▶ THE PROBLEM: Pictures are not part of the copy; repeat everything else in the records exactly.

(RECORDS)

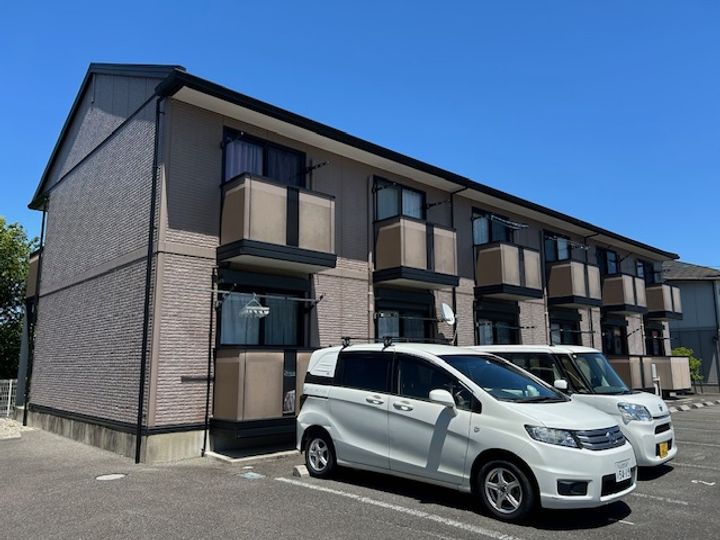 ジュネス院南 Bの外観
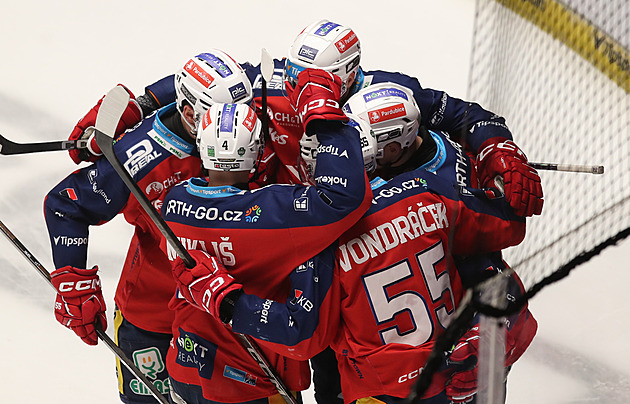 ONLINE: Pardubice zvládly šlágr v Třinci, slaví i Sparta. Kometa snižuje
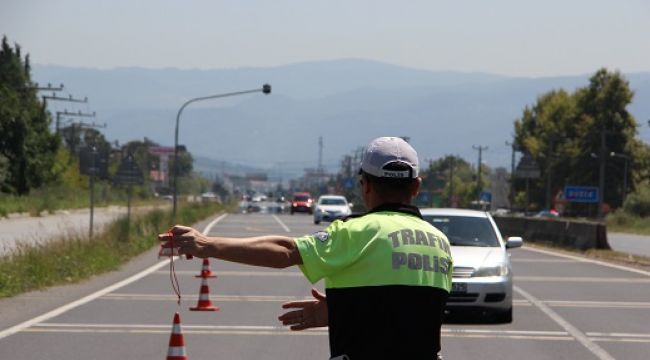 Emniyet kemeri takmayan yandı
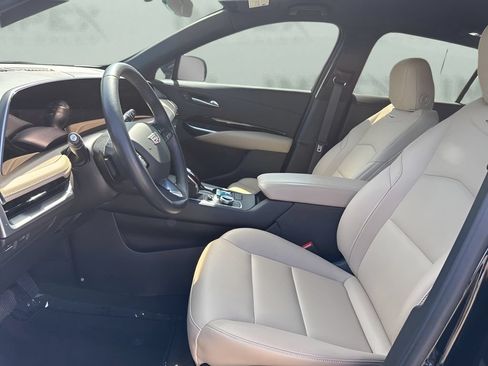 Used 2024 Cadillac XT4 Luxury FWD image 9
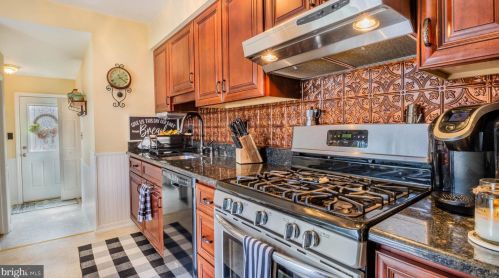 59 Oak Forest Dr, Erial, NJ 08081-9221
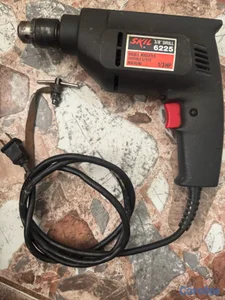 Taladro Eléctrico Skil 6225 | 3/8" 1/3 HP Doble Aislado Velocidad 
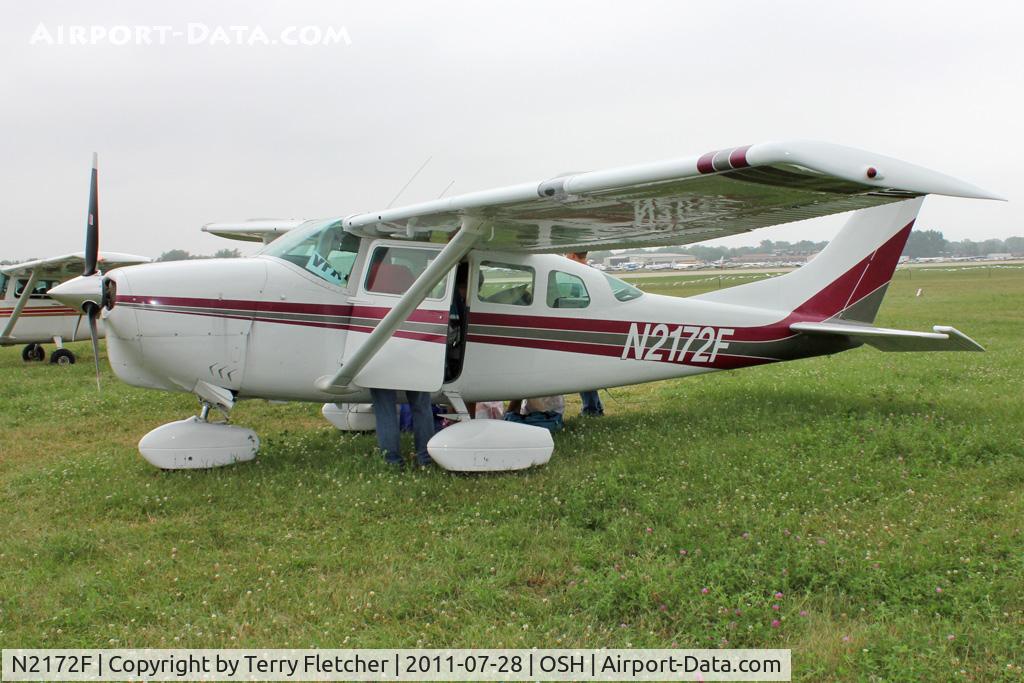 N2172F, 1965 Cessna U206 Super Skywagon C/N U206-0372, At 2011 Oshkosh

(End RECORDS)

▶ ANSWER BOX:
 ジュネス院南 Bの外観
 ONLINE: Pardubice zvládly šlágr v Třinci, slaví i Sparta. Kometa snižuje
 Emniyet kemeri takmayan yandı
 Used 2024 Cadillac XT4 Luxury FWD image 9
 59 Oak Forest Dr, Erial, NJ 08081-9221
 Taladro Eléctrico Skil 6225 | 3/8" 1/3 HP Doble Aislado Velocidad 
 N2172F, 1965 Cessna U206 Super Skywagon C/N U206-0372, At 2011 Oshkosh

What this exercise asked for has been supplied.